In truth, all these perspectives have merit. Yet none draw attention to perhaps the film’s single greatest flaw: it’s interminably gloomy, nasty, and exhausting. At the halfway point when Valeska’s cameras fail and the power goes out, the film pulls the drag-chute and ruins all its foreword momentum with a slog of dreary conversations between dreary people sitting in dreary rooms. The film’s subpar audio exacerbates the problem, making the dialogue sound at times like it was recorded either in a tin-can or in a cave. Without the benefit of subtitles, it’s easy for the mind to wonder into la la land as all the talking melts into a dull, indistinguishable susurrus.

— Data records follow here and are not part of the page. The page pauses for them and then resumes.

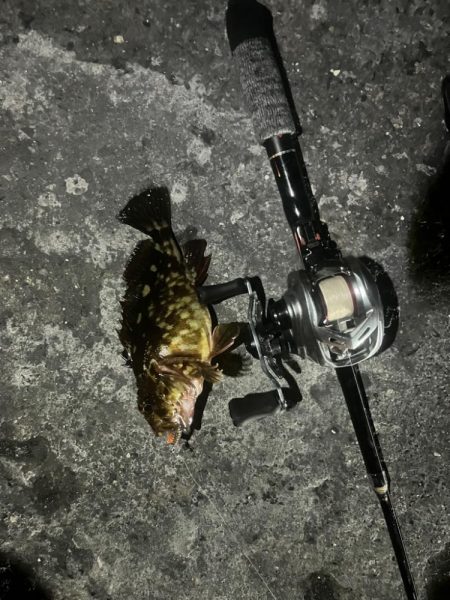 根魚ライトゲーム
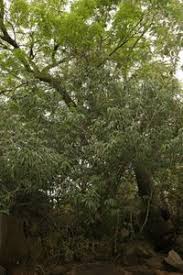 Image result for Vepris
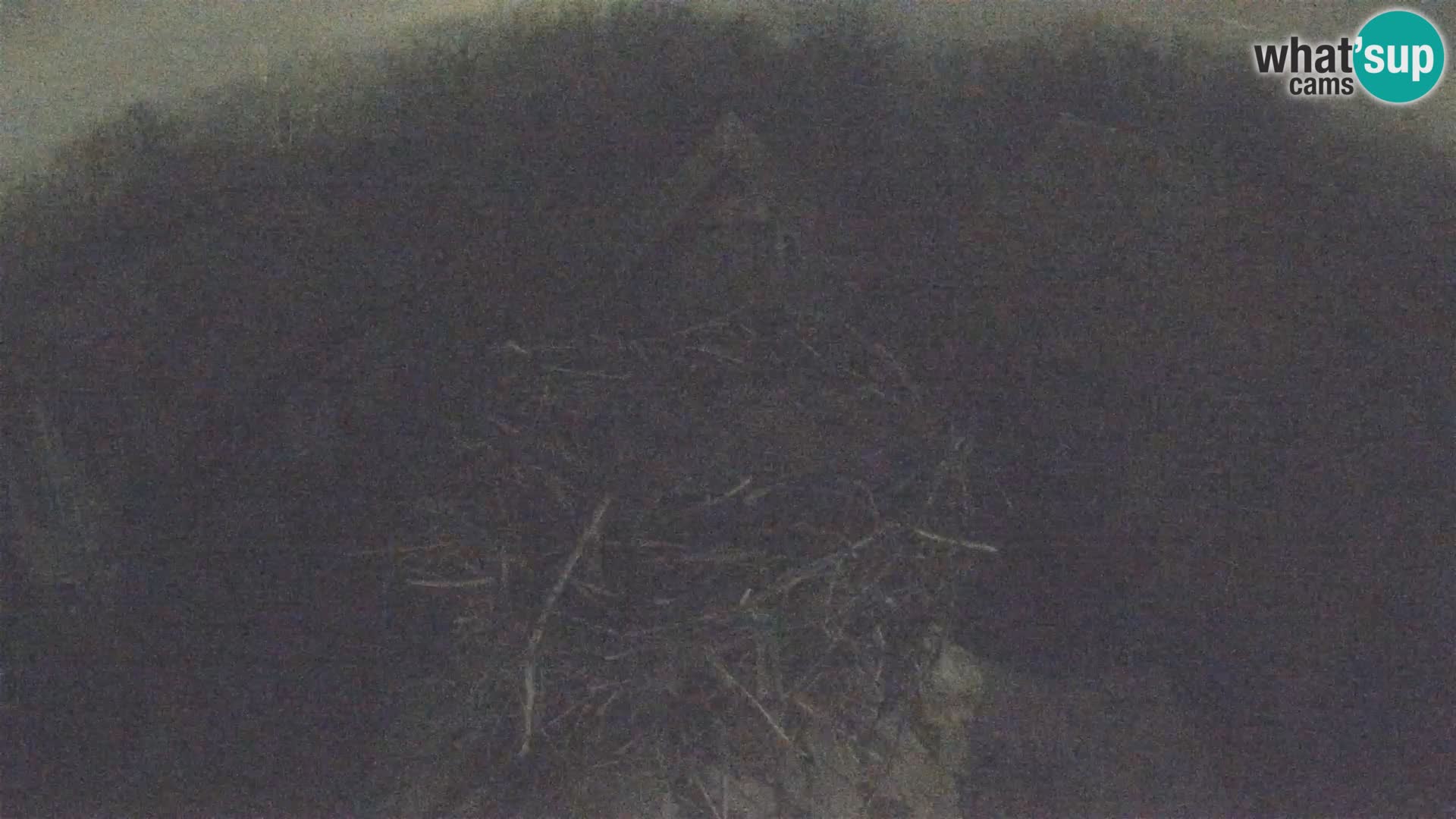 U živo Europsko selo roda – Park prirode Lonjsko polje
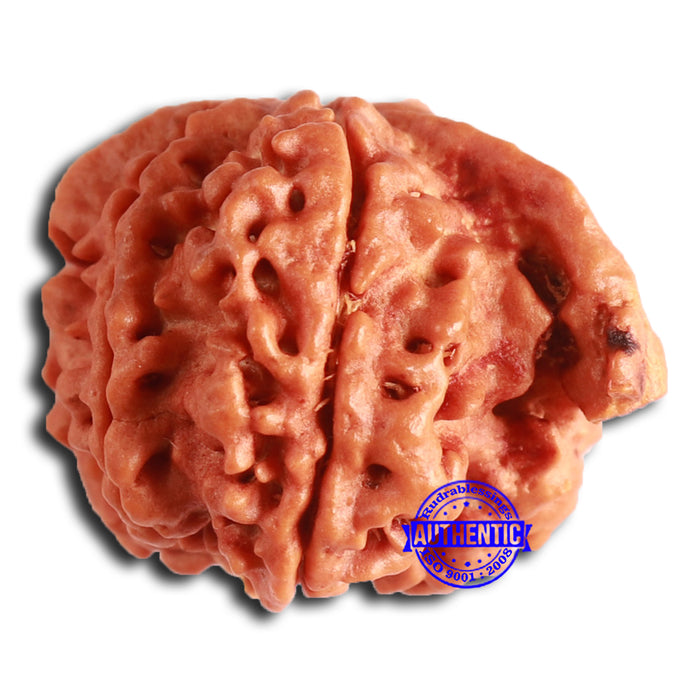 Nepalese Ganesh Rudraksha - Bead No. 215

The Other Side of the Wind was both Welles’ last ditch effort to win the fame and recognition he knew he deserved as one of the great geniuses of Western cinema. Yet it’s also a meticulous bridge-burning as it savagely attacks the industry that abused him, the critics who misunderstood him, and most shockingly, the disciples who loved him. It’s an odd combination of acerbic sadism towards the world and vicious masochism towards himself. No matter how much he may have denied it during his life, Welles was Hannaford. And though there was certainly more to Welles than his blustery, arrogant exterior, this film gives us a look into his more primal hatreds and basest cravings for attention, sex, and recognition.
Who knows how Welles’ version would have been like if he’d completed it himself. As The Immortal Story (1968) proves, even Welles didn’t have a perfect directorial track record, so the possibility remains that it could’ve been a train wreck. In a strange way, Welles’ dying removes him from complete culpability over the film we have now before us. But it doesn’t excuse the film from being tired, tedious, and insensitive. It could’ve been better, it could’ve been worse. But this is the one we have. And despite everything, it’s a disappointment.